Q: What does Sustainability mean to you?
A: Sustainability is a multifaceted concept that can mean many different things to different people and depending on the context in which the term is used. In general, I agree with the general definition that emphasizes meeting the needs of the current generations without compromising the ability of future generations to meet their needs. That approach has a lot of practical utility, but a major issue with sustainability is that many of our most unsustainable activities are related to using resources in an unsustainable fashion to meet our wants and desires and not our needs. Sustainability ultimately boils down to deciding what kind of world we want to live in, and what we need to do to ensure that future generations will be able to enjoy the same kinds of basic goods and services that we are able to enjoy.

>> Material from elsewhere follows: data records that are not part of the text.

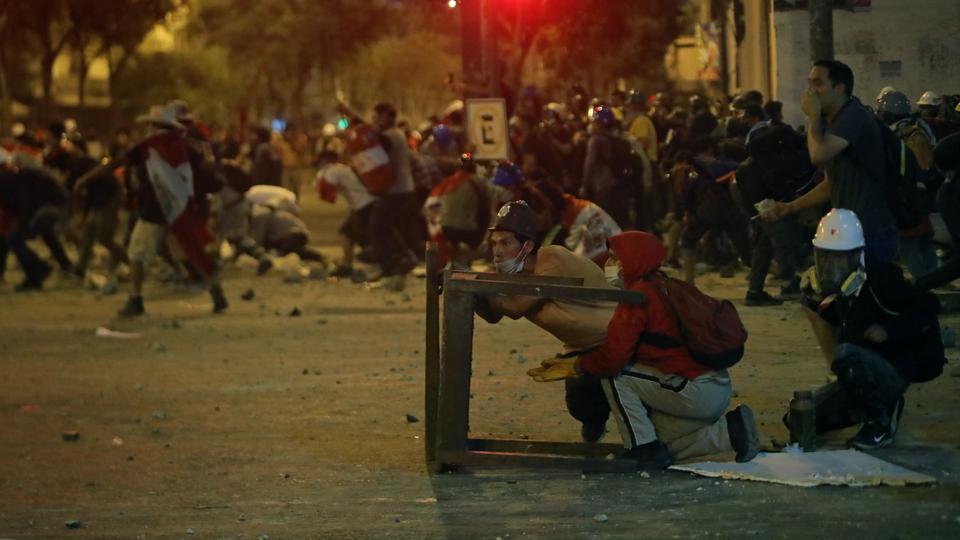 Demonstrators protect themselves with makeshift shields during clashes with riot police in capital Lima,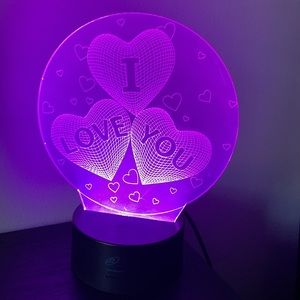 LED “I love you” light , switches between colors. Can stay on one color as well.
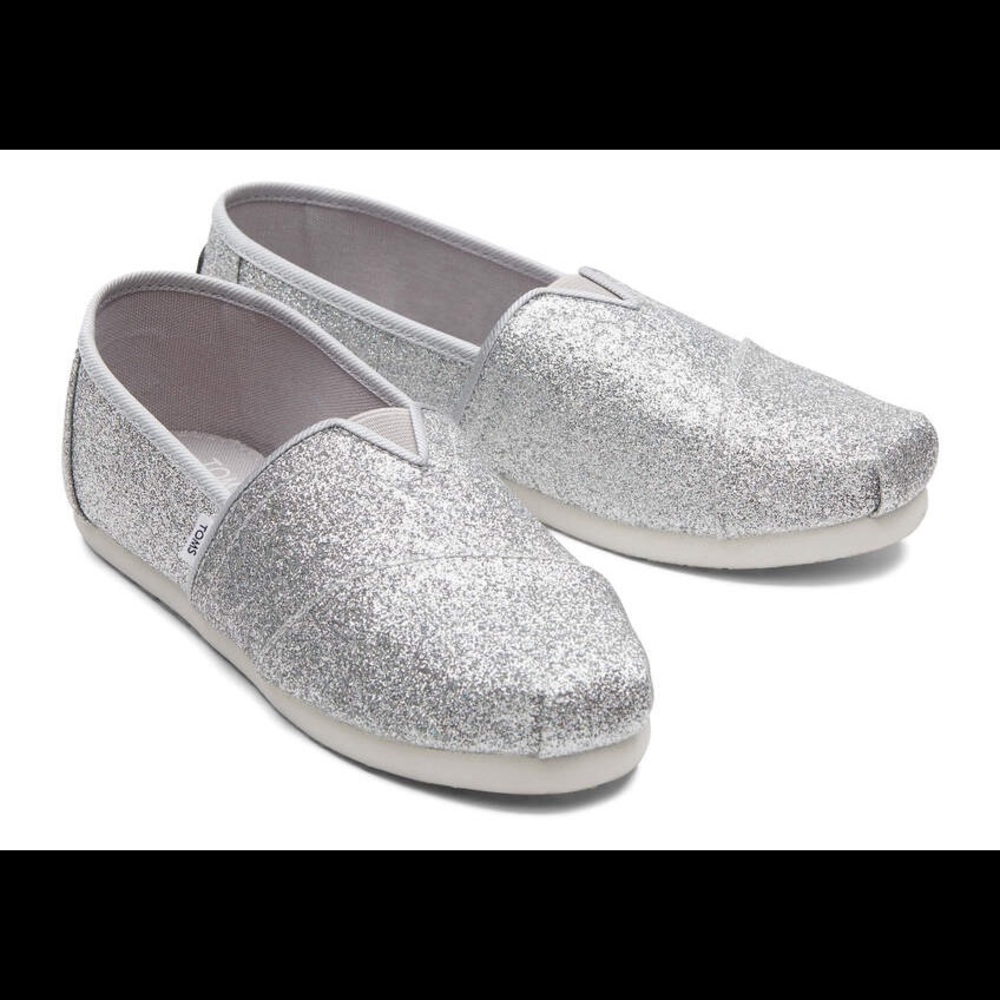 Toms Classic Slip Ons.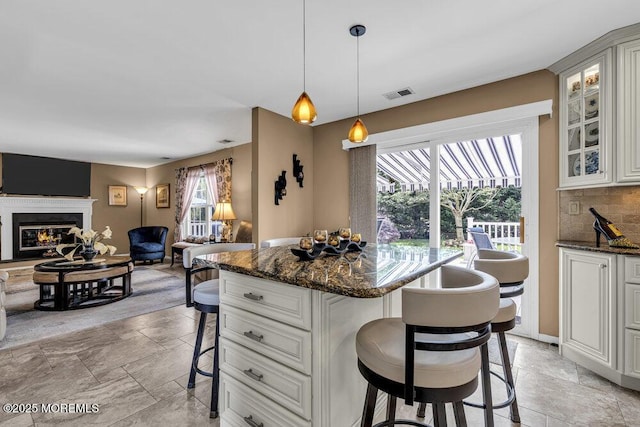 32 Tilton Rd, Brick, NJ 08723 - kitchen with a breakfast bar area, glass insert cabinets, open floor plan, a glass covered fireplace, and dark stone countertops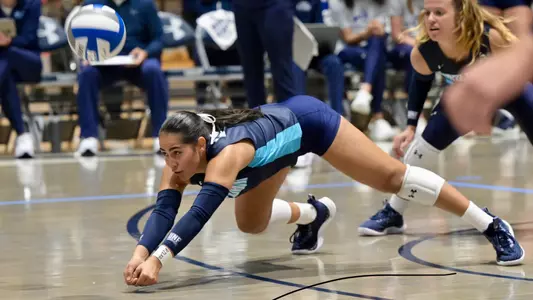 Kamila Mieles going for a dig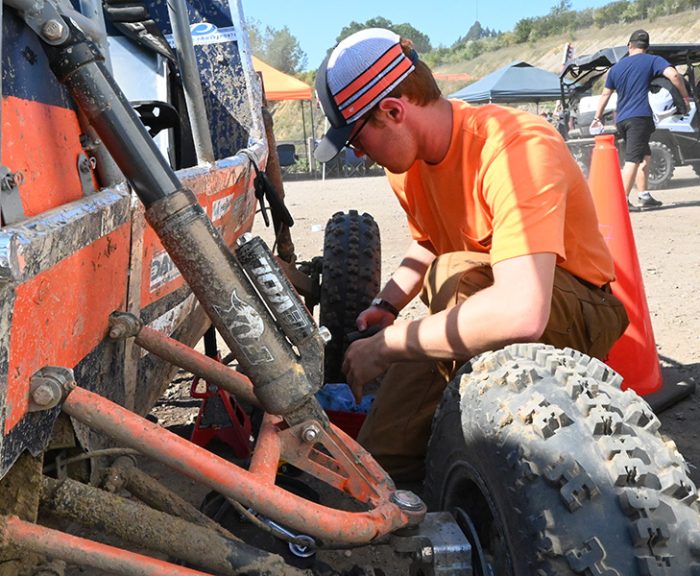 Student working on a Cuse Baja car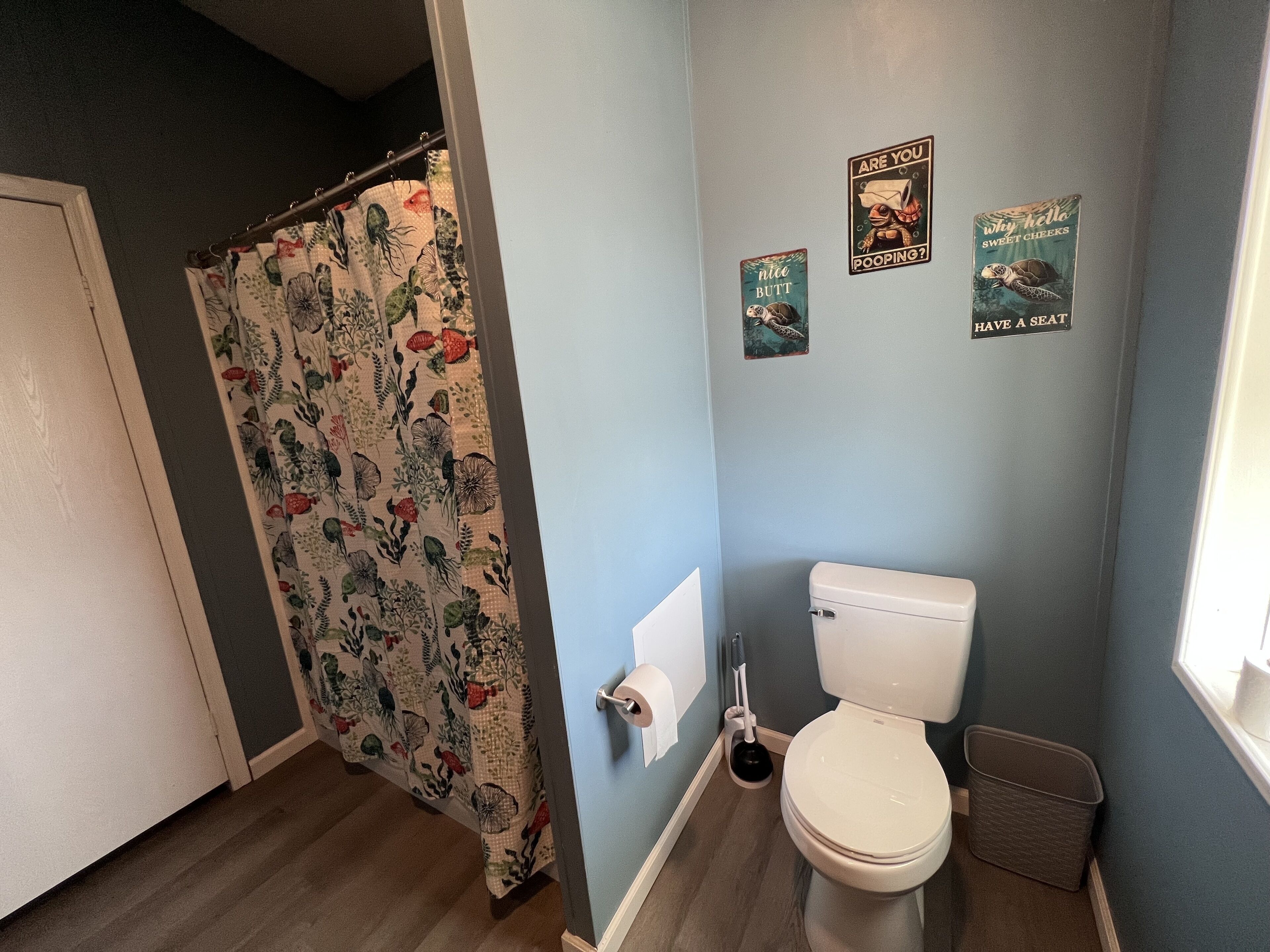 A bathroom with a toilet, a shower curtain with a floral pattern, and three wall-mounted signs with humorous messages.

Q: Describe the class you teach.
A: I teach a class in introductory environmental science for non-majors. One of my goals is to provide students with the tools they need to think critically about the many environmental issues that affect their lives. I also want them to understand the process of science as a particular application of rational methodology, and that empirical arguments need to be based on empirical evidence.

Q: What do you do at UCF to advance sustainability?
A: I serve on the University Sustainability Advisory Committee(SAC), and also on the land and water SWAT teams. My background is in ecology and environmental science and horticulture, so my major contributions are in those areas, which address the environmental leg of sustainability. On the practical side, I oversee landscape and natural resources, where our initiatives focus on reducing water consumption for irrigation, reducing our use of chemical pesticides through integrated pest management, and adopting fertilizer practices that minimize impacts on downstream ecosystems. On the academic side, I advance sustainability by incorporating sustainability principles into my introductory environmental science class, and supporting high impact educational opportunities in urban ecology, urban agriculture, and natural resource management through the UCF Arboretum.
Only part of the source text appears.